The third risk involves the expansion of the attack surface of all of the above when composing multiple smart contracts together. While two particular decentralized applications may be secure in isolation, the combination of the two may not. An increase in an application’s composability increases the attack surface in such a way that is greater than the sum of its parts. This creates more edge cases that need to be preeminently mitigated against to ensure a smooth operation. This composability risk can also take the form of utilizing potentially subpar collateral within another Defi application such as a money market, for which is only as strong as its weakest collateral token supported.
Lastly, the fourth risk involves user knowledge and accessibility. A user who doesn’t understand the application they are utilizing is more likely to take on more risk than they realize. It is, for this reason, user education and transparency about risk is so important to ensuring a healthy ecosystem. DeFi composability can quickly get highly complex so it is key that each step in the process is broken down to a level that users can understand what they are putting their money into.

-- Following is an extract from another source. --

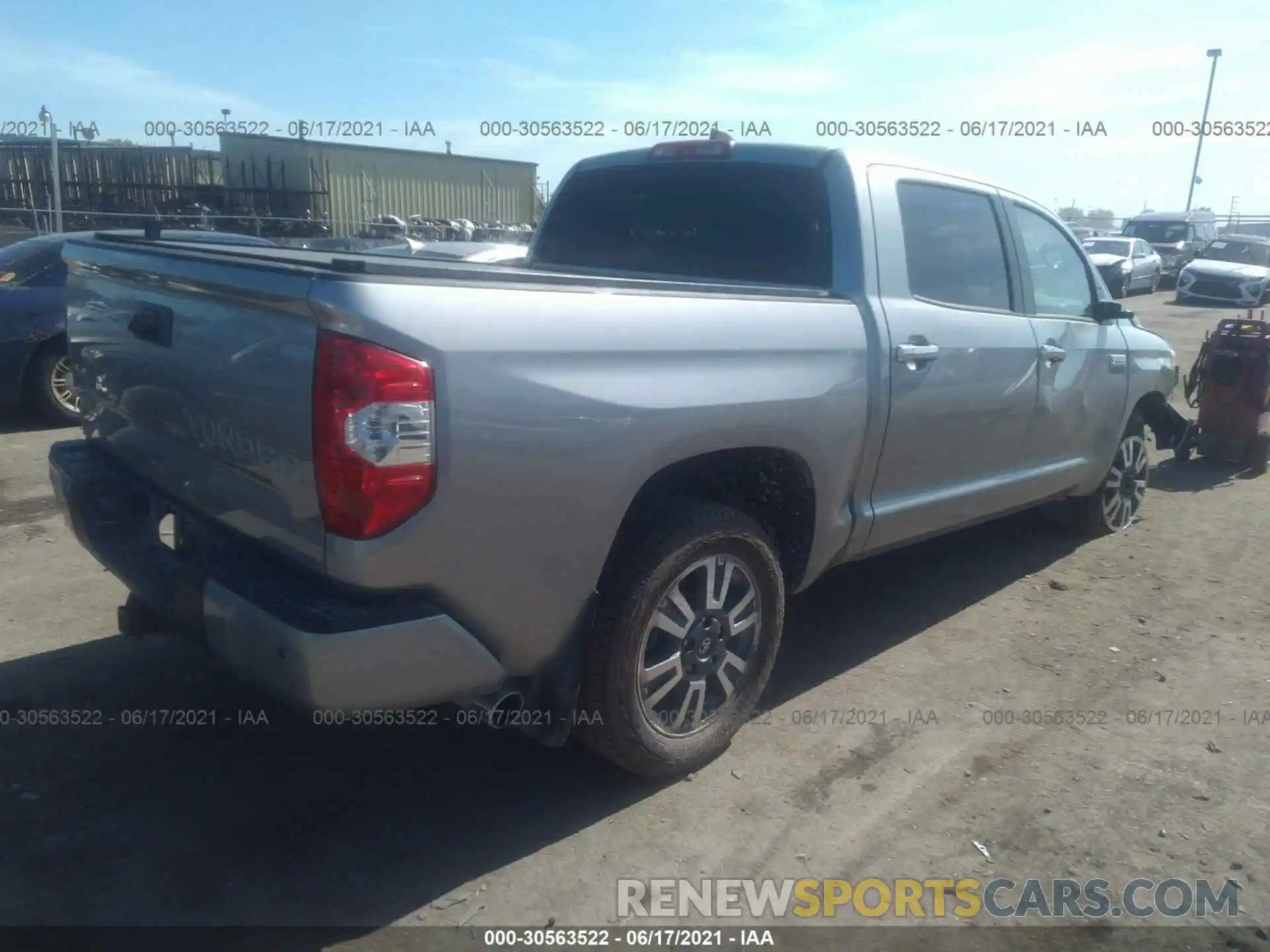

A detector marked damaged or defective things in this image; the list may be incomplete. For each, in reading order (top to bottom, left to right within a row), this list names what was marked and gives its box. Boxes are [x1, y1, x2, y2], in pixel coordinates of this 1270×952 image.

damaged pickup truck [47, 138, 1180, 777]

For all of the risks above, it is critical that those in the open-source community actively participate in the analysis of DeFi applications and the composability being used in order to preemptively mitigate any issues before they arise. Composability enabled applications to have lots of moving pieces that each needed to be ensured to be of the highest quality. In addition, it is key to set and implement industry-wide standards to ensure best practices across the ecosystem and bolster this security through bug bounties, audits, hackathons, and other forms of developer engagement. By doing so, a stronger and more resilient financial ecosystem is created and user funds are safeguarded in the best manner possible.
In summary, DeFi has been built as a new financial ecosystem that operates alongside the current traditional financial system, yet offers unique advantages of permissionless composability, censorship-resistant access, and full transparency. In particular, DeFi composability opens up the ability for any developer to launch new innovative financial applications at an accelerated rate because they don’t rebuild core infrastructure or have to rely on the centralized and permissioned financial services of today.

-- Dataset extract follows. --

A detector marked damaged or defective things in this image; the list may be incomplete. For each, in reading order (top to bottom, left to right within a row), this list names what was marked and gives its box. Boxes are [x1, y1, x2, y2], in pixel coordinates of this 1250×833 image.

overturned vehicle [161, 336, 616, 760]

The open-source, permissionless nature of DeFi facilitates a level playing field, which fosters an environment that requires constant innovation to retain market share. The DeFi applications that make use of composability today are setting the foundation for the next generation of dApps that will utilize even more advanced forms of composability. There are limitless use cases to discover and applications to be built. The future of a permissionless modular financial future looks bright indeed.